PROVIDENCE -- A six-member jury in Rhode Island has found the Parke-Davis pharmaceutical company guilty of failing to properly warn a pregnant woman that she might give birth to a defective child because she was taking the anti-epilepsy drug Dilantin.

The jury, after deliberating 11 hours in a case that lasted six weeks, awarded the woman's twin sons compensatory and punitive damages totaling nearly $14 million. The verdict was rendered two weeks ago.

Sandra Keenan of Seekonk, Mass., claimed that she was told by two doctors in 1977 that she could safely use the drug during her pregnancy. In July 1978, she gave birth to twins who had abnormal facial features and did not walk until after their second birthday.

Max Wistow, Keenan's attorney, claimed that the twins suffered from fetal hydantoin syndrome, which has been linked to Dilantin exposure during pregnancy.
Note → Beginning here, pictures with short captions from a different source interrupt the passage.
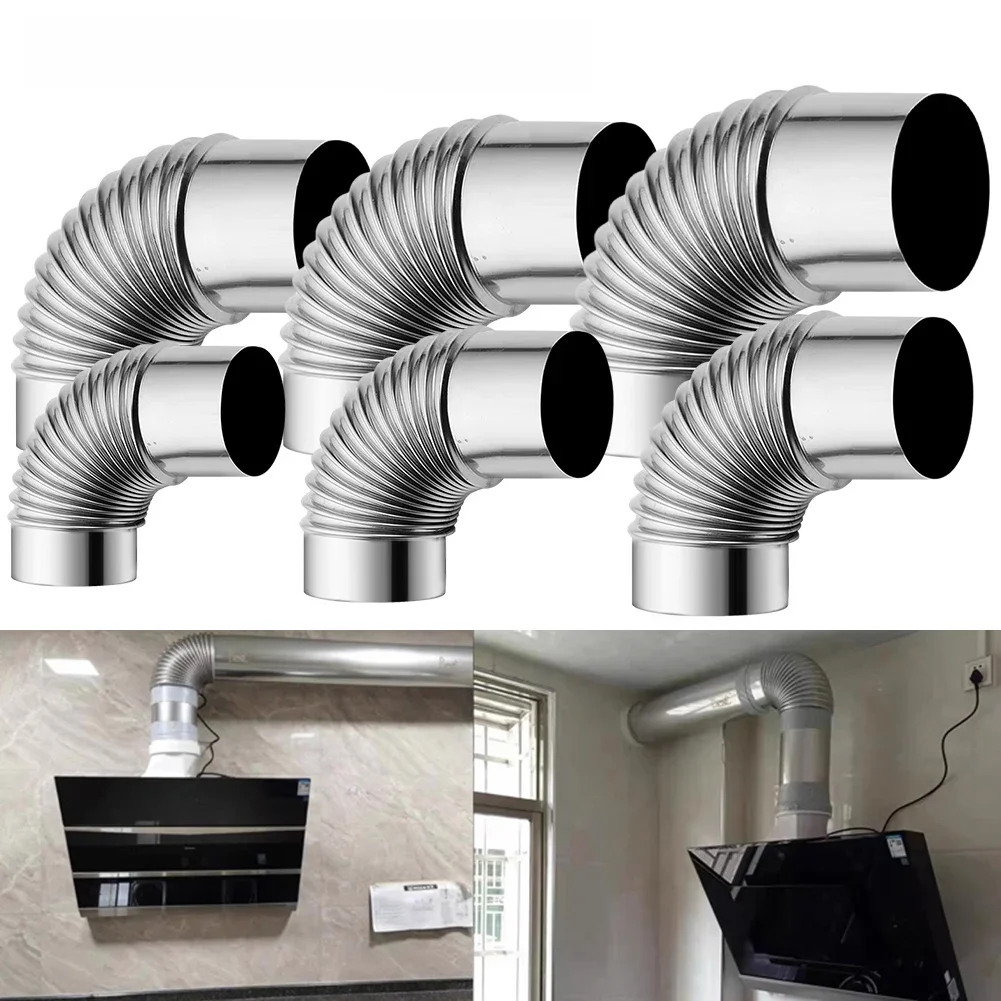 Coude à 90 degrés en acier inoxydable, 50-100mm, pour poêles, cheminées, fumeurs, barbecue, ventilation, doublure de cheminée, courbure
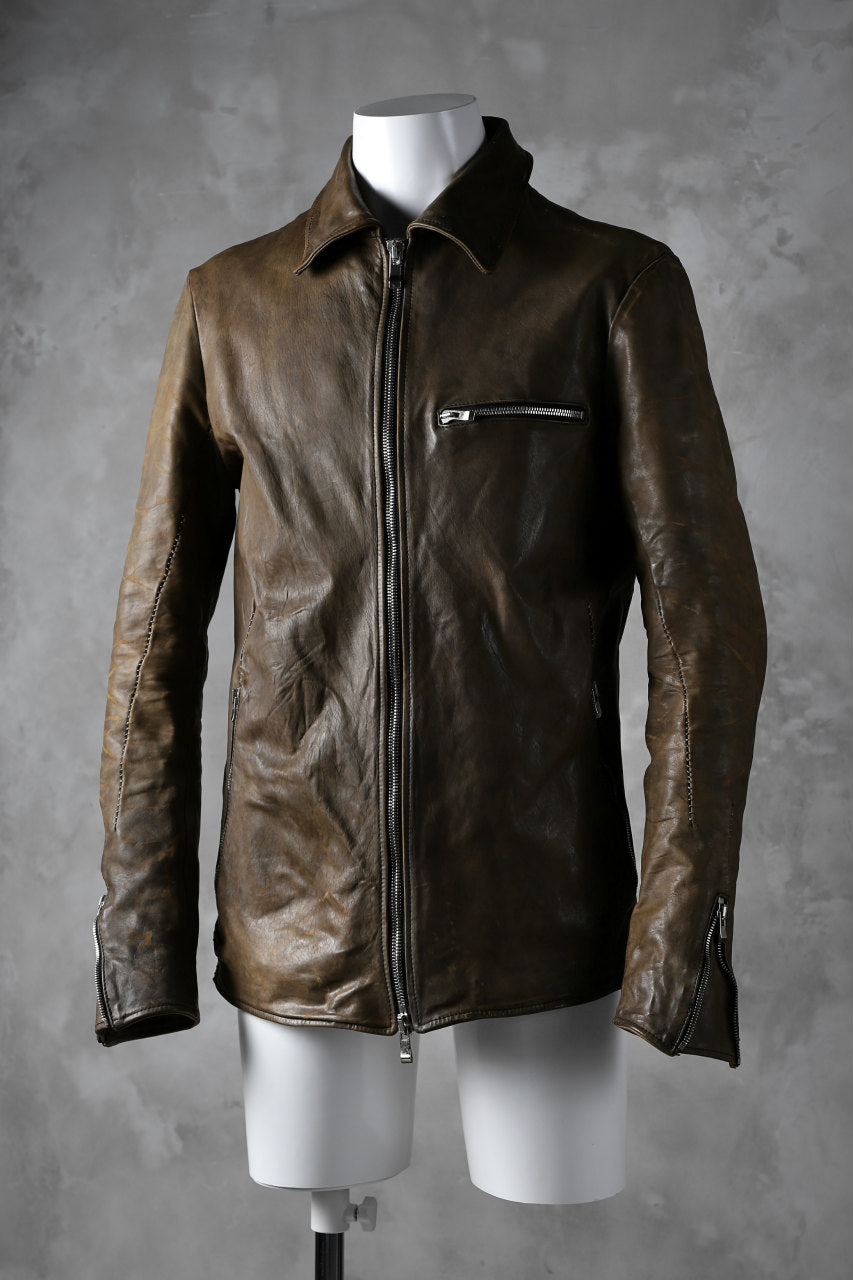 incarnation HORSE LEATHER COLLARED ZIP JACKET / OVERLOCKED (BROWN)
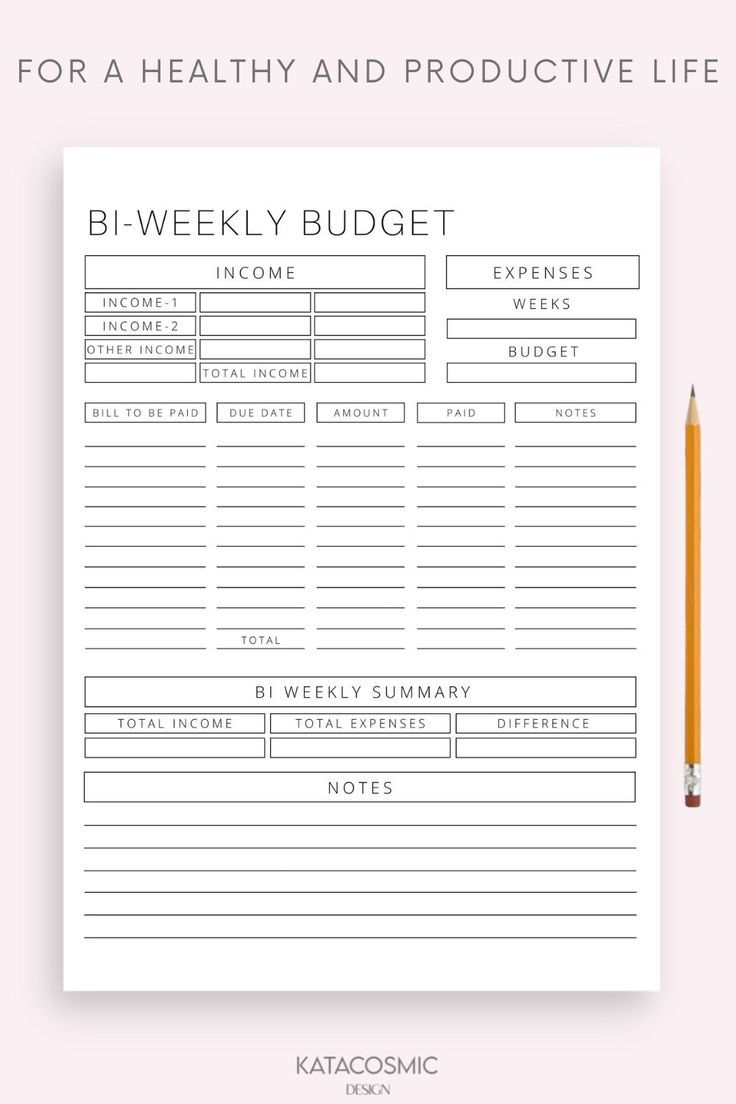 Bi-Weekly Budget Overview Template, Printable Paycheck Budget for Free Printable Cute Biweekly Budget Template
The condition causes a variety of physical deformities and retardation. Wistow contended that the children are so severely damaged they will never be able to live independently.

Wistow also produced evidence suggesting that Parke-Davis, which began marketing Dilantin in 1938, knew in the late 1960s that the drug carried a risk of birth defects. Even so, he argued, the company was slow to strengthen the warning label.

During the trial, the company argued that its labels were adequate, that it has been difficult to demonstrate that the drug causes birth defects and that the Keenan twins were not suffering from fetal hydantoin syndrome.

The jury disagreed and awarded $4 million in compensatory damages and nearly $10 million in punitive damages.

The American College of Obstetrics and Gynecology estimated in 1985 that 10 percent of the pregnant women taking Dilantin will give birth to a child with serious problems. Another 30 percent, it was estimated, would have babies with less serious defects.